By using the "uscan" protocol provided by the eSCL specification, an attacker can discover the serial number of multi-function printers that implement the Brother-provided firmware. This serial number can, in turn, can be leveraged by the flaw described by CVE-2024-51978 to calculate the default administrator password. This flaw is similar to CVE-2024-51977, with the only difference being the protocol by which an attacker can use to learn the remote device's serial number. The eSCL/uscan vector is typically only exposed on the local network. Any discovery service that implements the eSCL specification can be used to exploit this vulnerability, and one such implementation is the runZero Explorer. Changing the default administrator password will render this vulnerability virtually worthless, since the calculated default administrator password would no longer be the correct password.
An authenticated attacker can reconfigure the target device to use an external service (such as LDAP or FTP) controlled by the attacker. If an existing password is present for an external service, the attacker can force the target device to authenticate to an attacker controlled device using the existing credentials for that external service. In the case of an external LDAP or FTP service, this will disclose the plaintext password for that external service to the attacker.

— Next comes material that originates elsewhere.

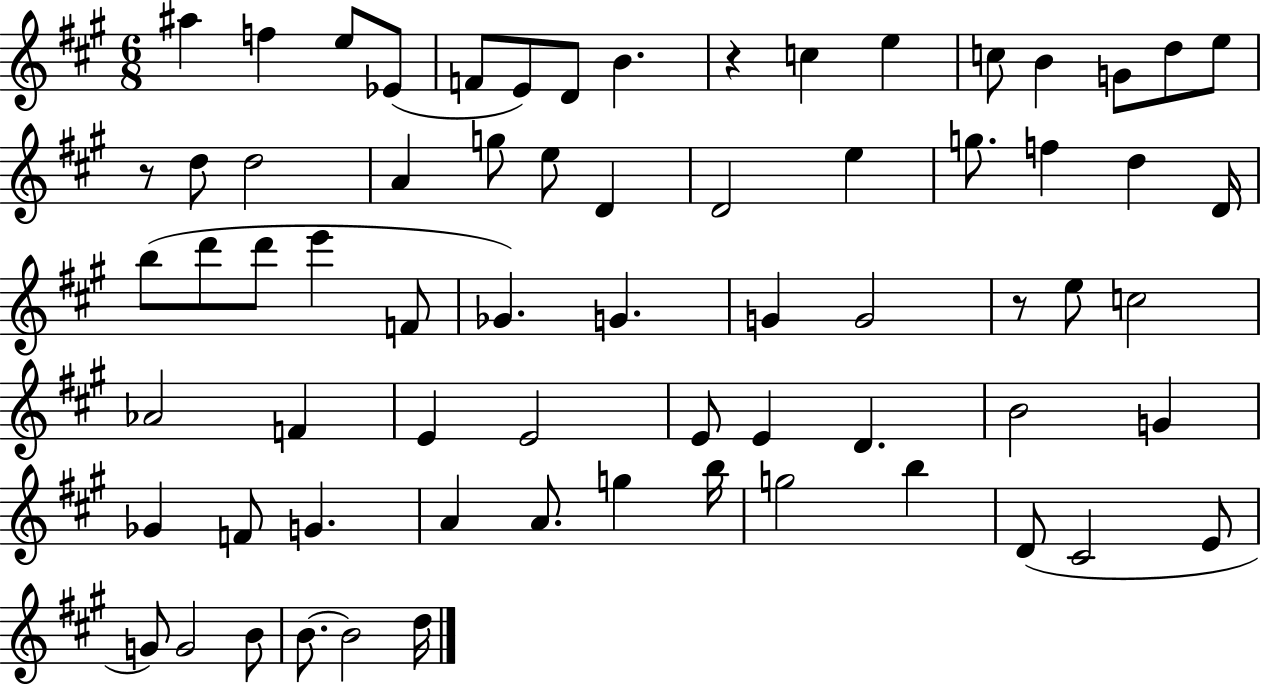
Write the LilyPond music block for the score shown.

An unauthenticated attacker who can connect to the Web Services feature (HTTP TCP port 80) can issue a WS-Scan SOAP request containing an unexpected JobToken value which will crash the target device. The device will reboot, after which the attacker can reissue the command to repeatedly crash the device.
An unauthenticated attacker who knows the target device's serial number, can generate the default administrator password for the device. An unauthenticated attacker can first discover the target device's serial number via CVE-2024-51977 over HTTP/HTTPS/IPP, or via a PJL request, or via an SNMP request.